Stored data entries
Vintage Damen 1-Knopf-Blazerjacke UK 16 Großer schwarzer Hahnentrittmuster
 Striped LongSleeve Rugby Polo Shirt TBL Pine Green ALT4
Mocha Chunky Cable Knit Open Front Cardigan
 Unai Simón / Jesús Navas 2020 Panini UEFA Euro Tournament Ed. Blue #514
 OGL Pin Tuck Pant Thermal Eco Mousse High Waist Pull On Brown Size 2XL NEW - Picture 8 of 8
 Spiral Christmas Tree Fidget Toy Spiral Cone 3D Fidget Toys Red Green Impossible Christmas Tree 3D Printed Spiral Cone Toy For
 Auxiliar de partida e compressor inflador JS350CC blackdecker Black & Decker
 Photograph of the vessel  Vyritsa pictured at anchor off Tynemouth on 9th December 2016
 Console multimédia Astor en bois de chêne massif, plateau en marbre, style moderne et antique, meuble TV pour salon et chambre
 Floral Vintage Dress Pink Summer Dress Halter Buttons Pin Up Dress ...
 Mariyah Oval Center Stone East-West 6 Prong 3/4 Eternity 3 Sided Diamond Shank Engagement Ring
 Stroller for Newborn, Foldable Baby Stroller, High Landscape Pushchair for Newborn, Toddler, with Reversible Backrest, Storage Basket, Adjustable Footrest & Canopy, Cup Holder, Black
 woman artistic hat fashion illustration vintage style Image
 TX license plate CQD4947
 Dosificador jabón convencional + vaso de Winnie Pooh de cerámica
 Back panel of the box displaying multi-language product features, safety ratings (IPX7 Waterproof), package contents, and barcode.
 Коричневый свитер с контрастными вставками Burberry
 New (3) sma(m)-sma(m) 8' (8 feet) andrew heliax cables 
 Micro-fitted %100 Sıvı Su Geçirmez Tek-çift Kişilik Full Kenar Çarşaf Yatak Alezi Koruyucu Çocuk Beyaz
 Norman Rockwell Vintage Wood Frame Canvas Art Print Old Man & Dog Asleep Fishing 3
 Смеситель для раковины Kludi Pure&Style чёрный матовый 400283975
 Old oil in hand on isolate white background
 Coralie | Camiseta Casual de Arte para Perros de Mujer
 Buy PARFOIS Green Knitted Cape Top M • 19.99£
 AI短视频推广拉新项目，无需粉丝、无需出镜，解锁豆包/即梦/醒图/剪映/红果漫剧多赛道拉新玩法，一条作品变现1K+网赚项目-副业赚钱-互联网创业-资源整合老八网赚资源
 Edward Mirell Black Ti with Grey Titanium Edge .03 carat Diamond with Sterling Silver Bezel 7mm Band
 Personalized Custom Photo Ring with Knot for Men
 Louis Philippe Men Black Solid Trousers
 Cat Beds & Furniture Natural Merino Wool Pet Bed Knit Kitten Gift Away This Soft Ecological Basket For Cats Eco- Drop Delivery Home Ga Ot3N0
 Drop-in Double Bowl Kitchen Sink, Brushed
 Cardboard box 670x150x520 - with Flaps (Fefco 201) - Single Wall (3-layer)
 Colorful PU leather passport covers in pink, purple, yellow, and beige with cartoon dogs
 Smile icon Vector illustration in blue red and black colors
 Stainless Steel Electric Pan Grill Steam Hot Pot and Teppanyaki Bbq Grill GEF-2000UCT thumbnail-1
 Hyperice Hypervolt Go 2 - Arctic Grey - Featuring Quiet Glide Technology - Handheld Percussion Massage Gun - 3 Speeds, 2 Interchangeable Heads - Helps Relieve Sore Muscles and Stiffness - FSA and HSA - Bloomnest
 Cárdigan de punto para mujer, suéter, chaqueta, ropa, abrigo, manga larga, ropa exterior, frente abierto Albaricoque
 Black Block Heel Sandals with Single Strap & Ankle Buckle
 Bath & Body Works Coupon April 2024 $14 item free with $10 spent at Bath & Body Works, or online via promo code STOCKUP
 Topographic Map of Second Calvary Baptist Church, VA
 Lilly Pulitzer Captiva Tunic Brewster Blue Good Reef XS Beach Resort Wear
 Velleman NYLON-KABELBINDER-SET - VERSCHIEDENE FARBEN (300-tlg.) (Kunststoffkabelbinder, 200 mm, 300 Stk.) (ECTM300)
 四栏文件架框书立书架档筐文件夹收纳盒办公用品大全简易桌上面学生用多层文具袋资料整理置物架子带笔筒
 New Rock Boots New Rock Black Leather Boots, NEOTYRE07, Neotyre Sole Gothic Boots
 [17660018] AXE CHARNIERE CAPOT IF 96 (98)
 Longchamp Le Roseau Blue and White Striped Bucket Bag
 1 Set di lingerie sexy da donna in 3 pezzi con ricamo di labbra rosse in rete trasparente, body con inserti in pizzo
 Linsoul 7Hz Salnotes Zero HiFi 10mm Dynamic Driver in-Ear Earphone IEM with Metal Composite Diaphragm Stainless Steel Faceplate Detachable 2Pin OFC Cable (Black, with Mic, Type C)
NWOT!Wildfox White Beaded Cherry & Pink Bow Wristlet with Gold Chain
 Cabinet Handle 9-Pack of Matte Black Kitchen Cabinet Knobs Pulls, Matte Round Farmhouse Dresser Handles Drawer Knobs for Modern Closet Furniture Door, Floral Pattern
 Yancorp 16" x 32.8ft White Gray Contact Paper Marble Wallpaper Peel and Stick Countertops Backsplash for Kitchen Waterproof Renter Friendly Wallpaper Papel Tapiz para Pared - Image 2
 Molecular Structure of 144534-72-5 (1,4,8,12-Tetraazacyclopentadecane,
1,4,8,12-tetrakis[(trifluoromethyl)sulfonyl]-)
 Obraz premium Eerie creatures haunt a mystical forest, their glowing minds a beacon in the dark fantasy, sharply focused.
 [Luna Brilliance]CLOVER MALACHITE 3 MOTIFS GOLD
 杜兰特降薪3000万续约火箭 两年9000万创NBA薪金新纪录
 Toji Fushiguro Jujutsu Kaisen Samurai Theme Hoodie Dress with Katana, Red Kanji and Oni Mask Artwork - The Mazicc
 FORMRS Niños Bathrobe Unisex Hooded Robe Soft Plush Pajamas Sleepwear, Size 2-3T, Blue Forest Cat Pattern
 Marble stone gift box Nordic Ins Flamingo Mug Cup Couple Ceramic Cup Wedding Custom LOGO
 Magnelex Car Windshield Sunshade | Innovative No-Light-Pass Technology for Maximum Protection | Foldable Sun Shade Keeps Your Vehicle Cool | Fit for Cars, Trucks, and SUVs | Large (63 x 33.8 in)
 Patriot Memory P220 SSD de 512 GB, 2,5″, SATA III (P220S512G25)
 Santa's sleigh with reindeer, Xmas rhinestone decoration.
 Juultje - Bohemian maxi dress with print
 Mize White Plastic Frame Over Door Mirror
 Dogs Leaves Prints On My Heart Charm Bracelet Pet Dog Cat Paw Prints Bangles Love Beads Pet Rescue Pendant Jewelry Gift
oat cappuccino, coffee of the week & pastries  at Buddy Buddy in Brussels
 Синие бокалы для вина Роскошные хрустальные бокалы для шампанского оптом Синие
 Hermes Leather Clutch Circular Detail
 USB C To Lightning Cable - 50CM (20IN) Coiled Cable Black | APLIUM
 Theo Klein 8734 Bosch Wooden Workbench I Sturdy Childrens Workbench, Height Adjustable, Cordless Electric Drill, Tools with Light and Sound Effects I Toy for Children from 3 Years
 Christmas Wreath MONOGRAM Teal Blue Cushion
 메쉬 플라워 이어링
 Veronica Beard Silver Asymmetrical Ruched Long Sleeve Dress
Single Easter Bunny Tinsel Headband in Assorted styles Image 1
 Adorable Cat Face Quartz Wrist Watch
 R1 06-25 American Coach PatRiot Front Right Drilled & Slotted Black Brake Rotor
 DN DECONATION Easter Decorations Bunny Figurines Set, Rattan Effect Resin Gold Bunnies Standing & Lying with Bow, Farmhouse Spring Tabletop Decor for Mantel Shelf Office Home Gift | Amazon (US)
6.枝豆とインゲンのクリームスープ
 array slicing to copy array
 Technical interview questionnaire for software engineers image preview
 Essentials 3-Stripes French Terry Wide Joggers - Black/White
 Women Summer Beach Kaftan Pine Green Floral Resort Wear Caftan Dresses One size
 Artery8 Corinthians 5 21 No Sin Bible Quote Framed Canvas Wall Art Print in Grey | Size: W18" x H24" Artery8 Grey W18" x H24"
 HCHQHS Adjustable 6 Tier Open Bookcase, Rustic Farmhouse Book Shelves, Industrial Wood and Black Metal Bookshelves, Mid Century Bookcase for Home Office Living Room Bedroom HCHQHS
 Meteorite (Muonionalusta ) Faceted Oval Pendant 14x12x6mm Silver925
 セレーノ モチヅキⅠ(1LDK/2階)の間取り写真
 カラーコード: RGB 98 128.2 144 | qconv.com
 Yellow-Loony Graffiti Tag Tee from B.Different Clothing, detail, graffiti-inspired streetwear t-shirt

_Task prompt_.
Reproduce exactly the lines above from the line with "New (3) sma(m)-sma(m)" to the line with "Stainless Steel Electric", including both, and add nothing.

_Result for this exercise_.
 New (3) sma(m)-sma(m) 8' (8 feet) andrew heliax cables 
 Micro-fitted %100 Sıvı Su Geçirmez Tek-çift Kişilik Full Kenar Çarşaf Yatak Alezi Koruyucu Çocuk Beyaz
 Norman Rockwell Vintage Wood Frame Canvas Art Print Old Man & Dog Asleep Fishing 3
 Смеситель для раковины Kludi Pure&Style чёрный матовый 400283975
 Old oil in hand on isolate white background
 Coralie | Camiseta Casual de Arte para Perros de Mujer
 Buy PARFOIS Green Knitted Cape Top M • 19.99£
 AI短视频推广拉新项目，无需粉丝、无需出镜，解锁豆包/即梦/醒图/剪映/红果漫剧多赛道拉新玩法，一条作品变现1K+网赚项目-副业赚钱-互联网创业-资源整合老八网赚资源
 Edward Mirell Black Ti with Grey Titanium Edge .03 carat Diamond with Sterling Silver Bezel 7mm Band
 Personalized Custom Photo Ring with Knot for Men
 Louis Philippe Men Black Solid Trousers
 Cat Beds & Furniture Natural Merino Wool Pet Bed Knit Kitten Gift Away This Soft Ecological Basket For Cats Eco- Drop Delivery Home Ga Ot3N0
 Drop-in Double Bowl Kitchen Sink, Brushed
 Cardboard box 670x150x520 - with Flaps (Fefco 201) - Single Wall (3-layer)
 Colorful PU leather passport covers in pink, purple, yellow, and beige with cartoon dogs
 Smile icon Vector illustration in blue red and black colors
 Stainless Steel Electric Pan Grill Steam Hot Pot and Teppanyaki Bbq Grill GEF-2000UCT thumbnail-1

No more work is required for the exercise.